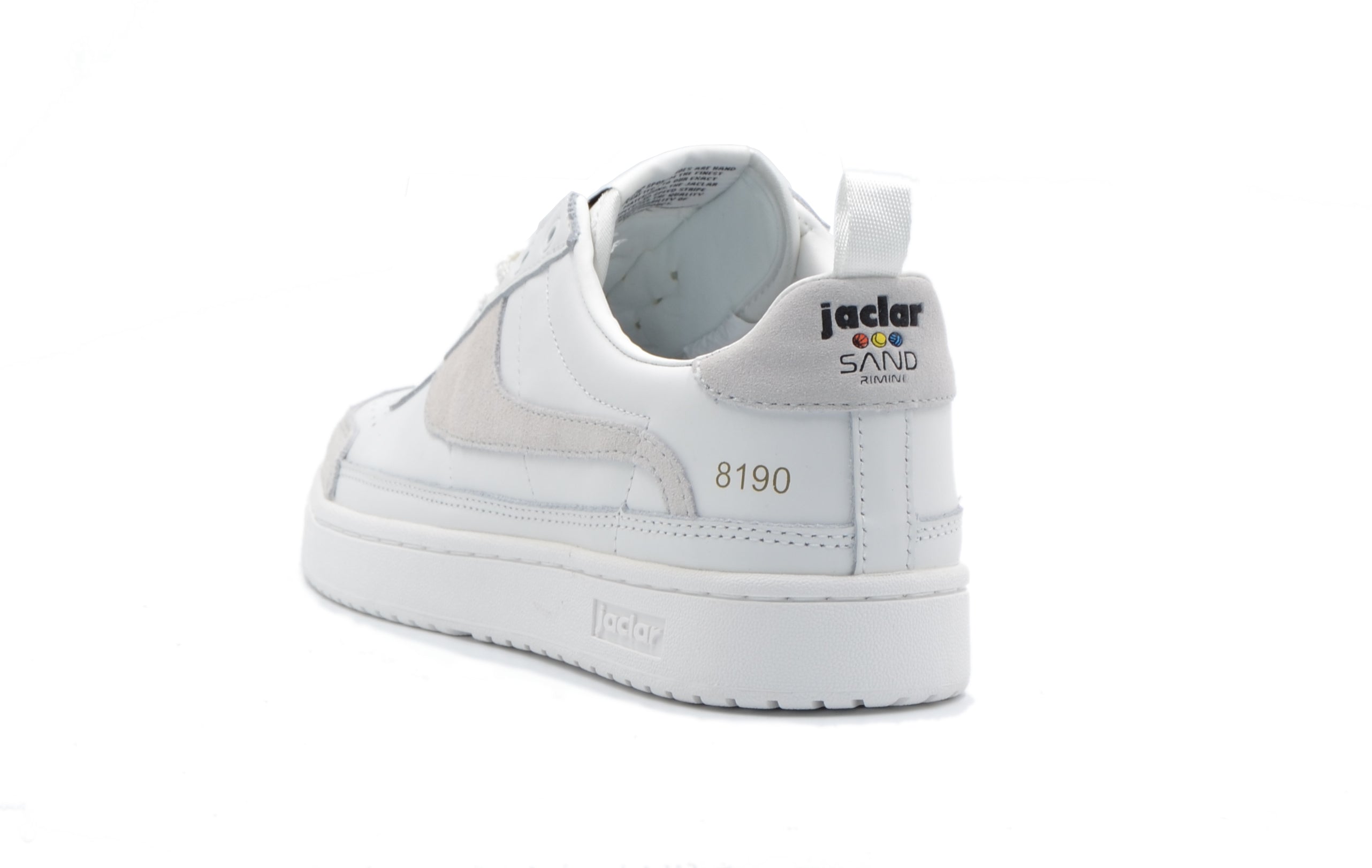 The Intimidator Low - 8190 Sand Rimini (Special Edition)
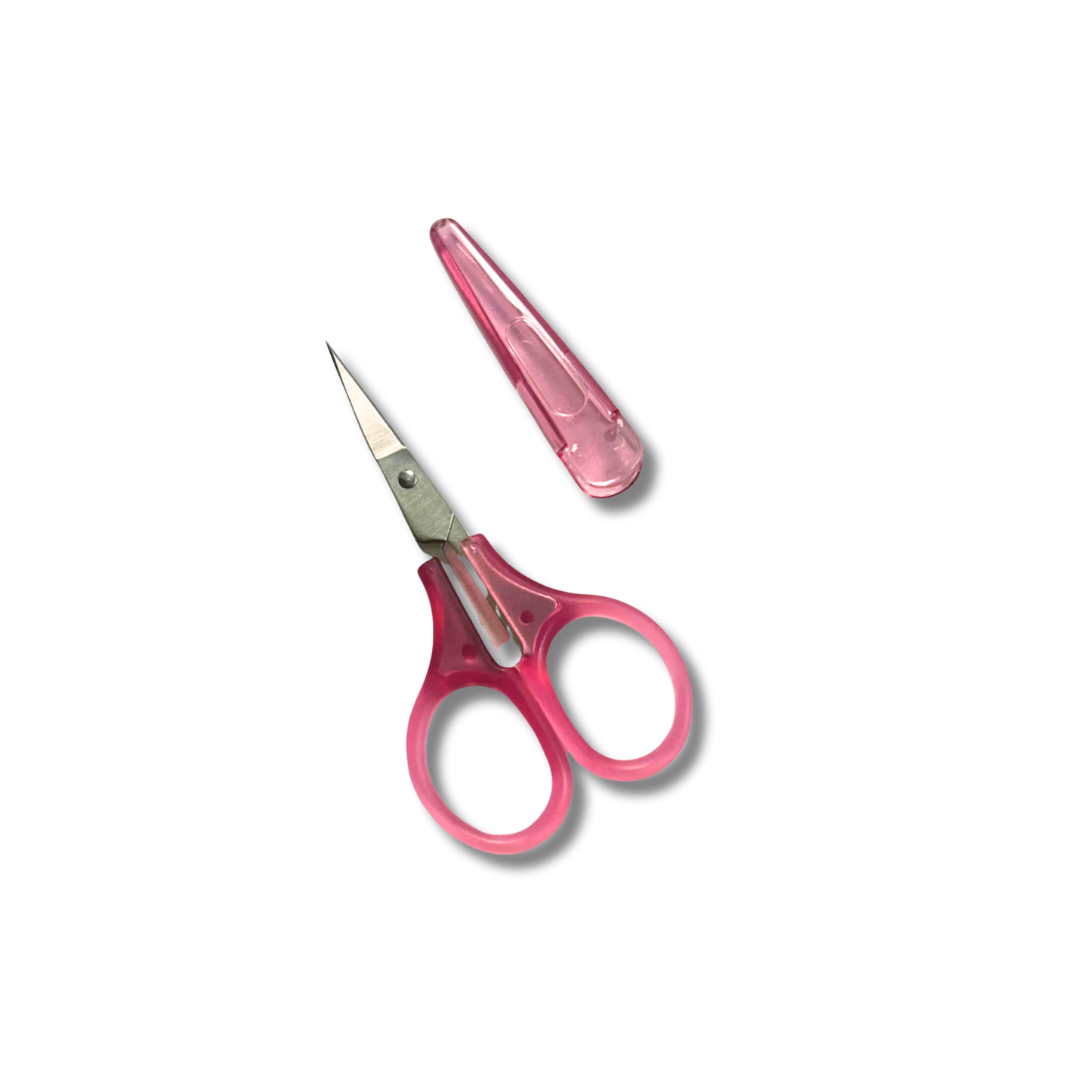 Cotton Candy Scissors - Pink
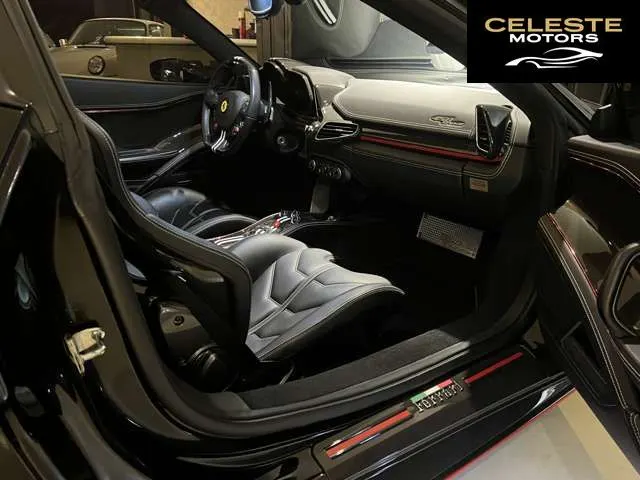 FERRARI 458 Spider 2012 — photo 8 sur 8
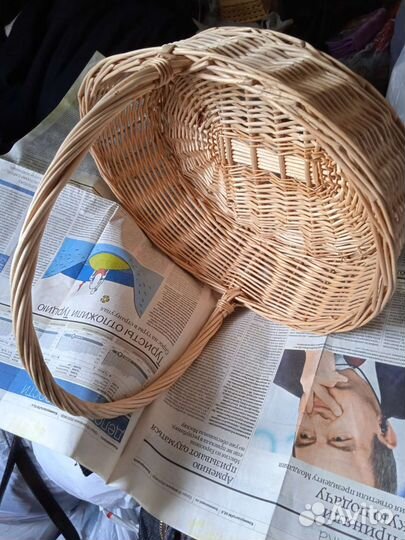 Корзина под овощи,фрукты и др.L40 B31 H11 отл.сост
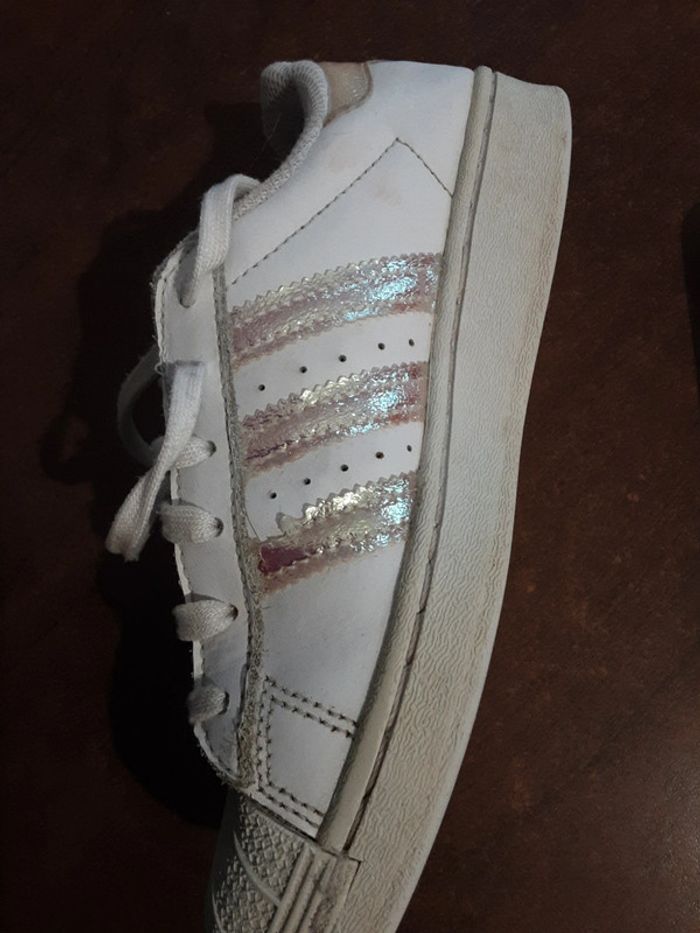 Baskets fille - photo numéro 4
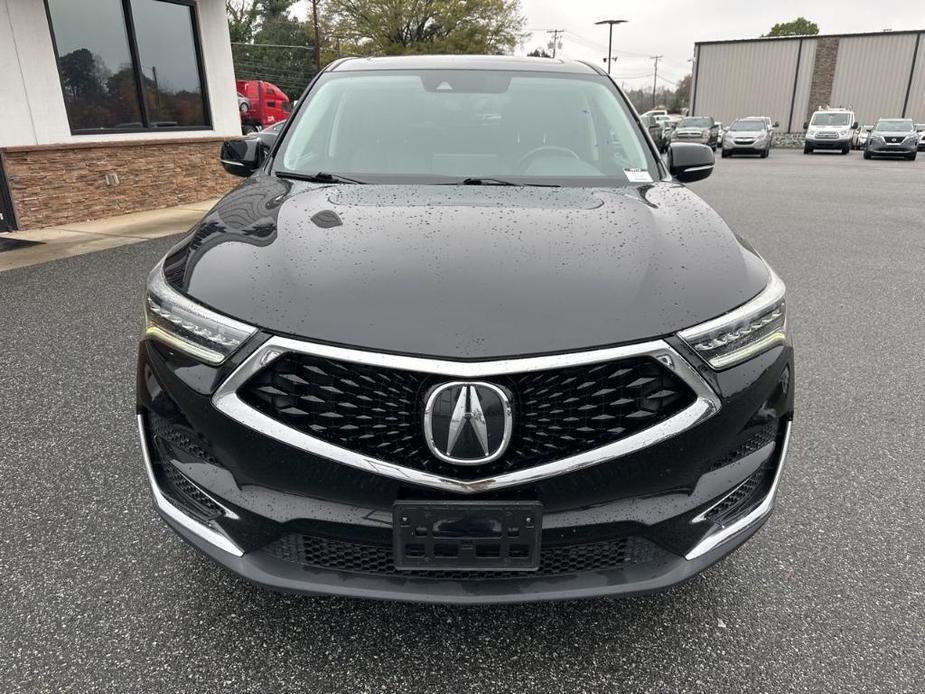 used 2021 Acura RDX car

• • • •

Now write out the data word for word, skipping every picture in it.

▶ [Result below]:
 The Intimidator Low - 8190 Sand Rimini (Special Edition)
 Cotton Candy Scissors - Pink
 FERRARI 458 Spider 2012 — photo 8 sur 8
 Корзина под овощи,фрукты и др.L40 B31 H11 отл.сост
 Baskets fille - photo numéro 4
 used 2021 Acura RDX car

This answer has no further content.